SULPHUR SPRINGS, Texas – John Kinsey, David Hallmark and Bob Casey are partners in a joint business venture to make what might have helped some country singers gain their fame.
Their shop is not very big, and they don’t produce many products, but they are immensely proud of what they do – carry on the legacy of guitar maker Stuart Mossman.
Friends, partners and musicians themselves, the owners of Mossman Guitars turn out from six to eight professional-quality handmade guitars a month, “depending on the weather and how we feel,” Mr. Kinsey said, smiling. They bought the business in 1989 and moved it to a converted dairy barn a year ago. “Actually, it takes about 40 hours of work per guitar before they’re ready,” he said. “We usually work on them in batches of five to seven at a time.”

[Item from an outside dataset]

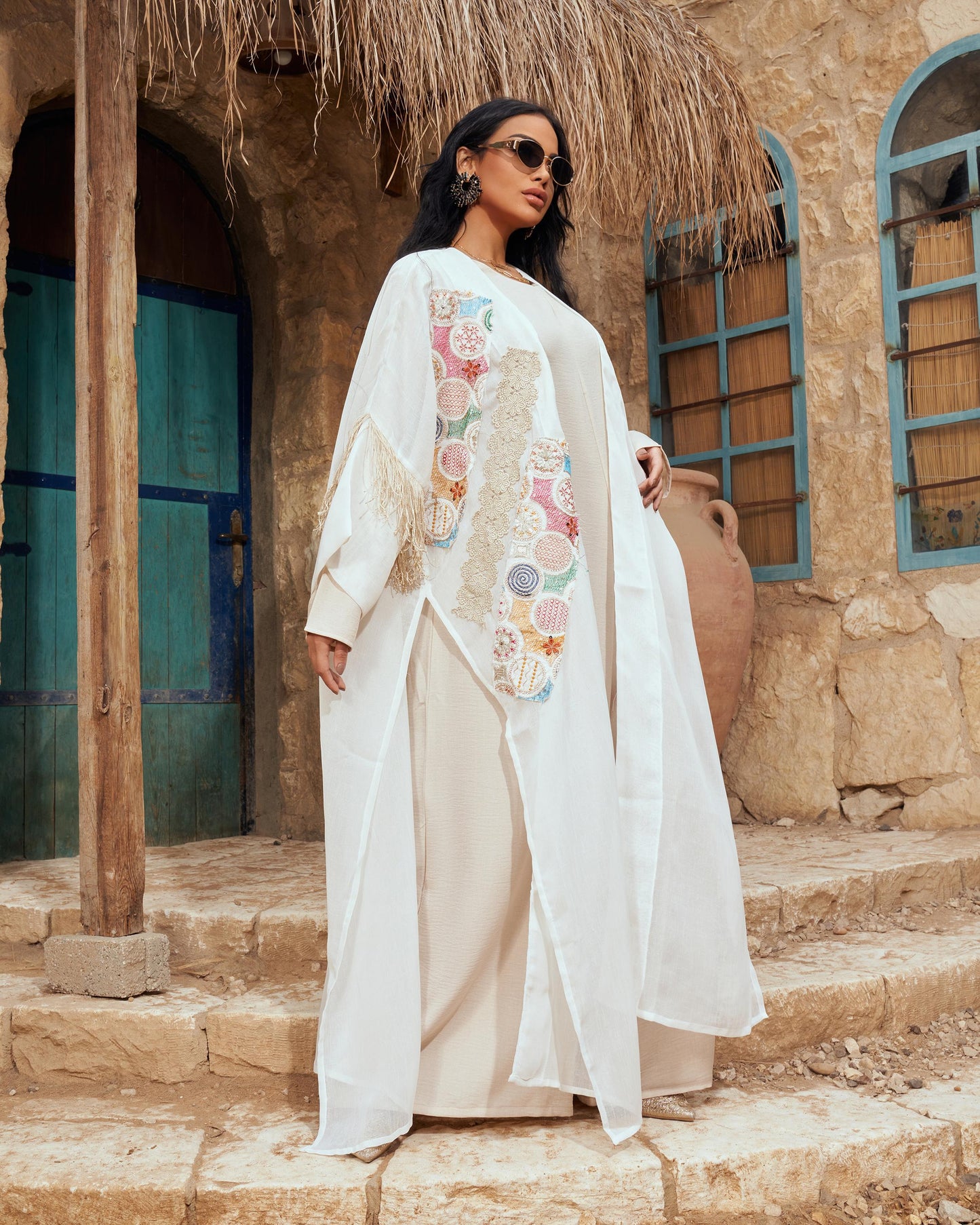 Konouz linen abaya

This, says Mr. Casey, who carves the guitar necks by hand, takes up about 90 to 95 percent of their business.
“We make five basic models,” Mr. Kinsey said. “That takes up most of our time, but sometimes, like now for instance, we’ll get swamped with a bunch of custom orders.” Since most all of their guitars are constructed in basically the same way, Mr. Kinsey said, “custom” usually means fancy.

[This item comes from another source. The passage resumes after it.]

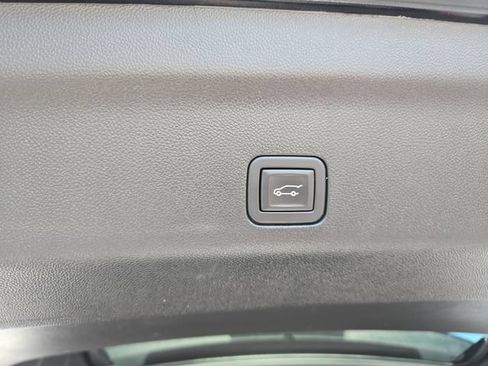 Used 2024 GMC Yukon Denali AWD/4WD image 32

“People are basically looking for three things in a guitar: They want something that’s aesthetically pleasing, an instrument that sounds good and something that nobody else has. “So a lot of times, that means using alternate, or exotic, woods and fancy inlays,” Mr. Kinsey said. In some of their custom models, they’ve used exotics such as Brazilian rosewood, Honduran mahogany and other woods from Africa and Hawaii.
“People just want theirs to be different, I guess. There’s really only so much variation in building one of these,” he said, holding a custom guitar still in the construction state, “so we’re looking for a marketing edge as well.” Fortunately, by simply keeping the Mossman name, they may have all the edge they need. “Mossman guitars have some serious dyed-in-the-wool fans from back in the old days,” Mr. Kinsey said, referring to the 5,000 or so Mossman guitars made by Mr. Mossman himself up until about 1978.

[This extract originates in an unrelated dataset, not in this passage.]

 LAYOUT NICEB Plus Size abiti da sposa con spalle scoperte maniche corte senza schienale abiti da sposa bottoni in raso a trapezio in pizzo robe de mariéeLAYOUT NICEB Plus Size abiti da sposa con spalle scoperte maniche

“They’re real popular with bluegrass and country musicians,” he said. “For example, Emmylou Harris has a few Mossmans, John Denver used some of our custom-made guitars, Ray Wiley Hubbard has a bright red one we made … There are a few others. We really don’t need to advertise, because we sell everything we make.
“In this business, at least in our case, that’s the key,” Mr. Kinsey said. “We don’t want to build more guitars simply because we have the facilities and the capability. We’ll only do it if we can keep the quality. The Mossman name is synonymous with quality. We’re all over 50 or so, so this is what we’re going to do for the rest of our lives. It was really a conscious decision for us. We have the time and the discipline to do it, so we’re going to keep the quality, even if it means less quantity.”
A basic Mossman guitar, or at least the top of the instrument, usually starts life as a spruce tree. The wood is split into the proper thickness and cut into the desired shape. “Then we’ll inlay the design around the middle,’ Mr. Kinsey said. “We’ll decide which design we want, depending on the model we’re making, and put it in first. Then we’ll cut the hole in the middle.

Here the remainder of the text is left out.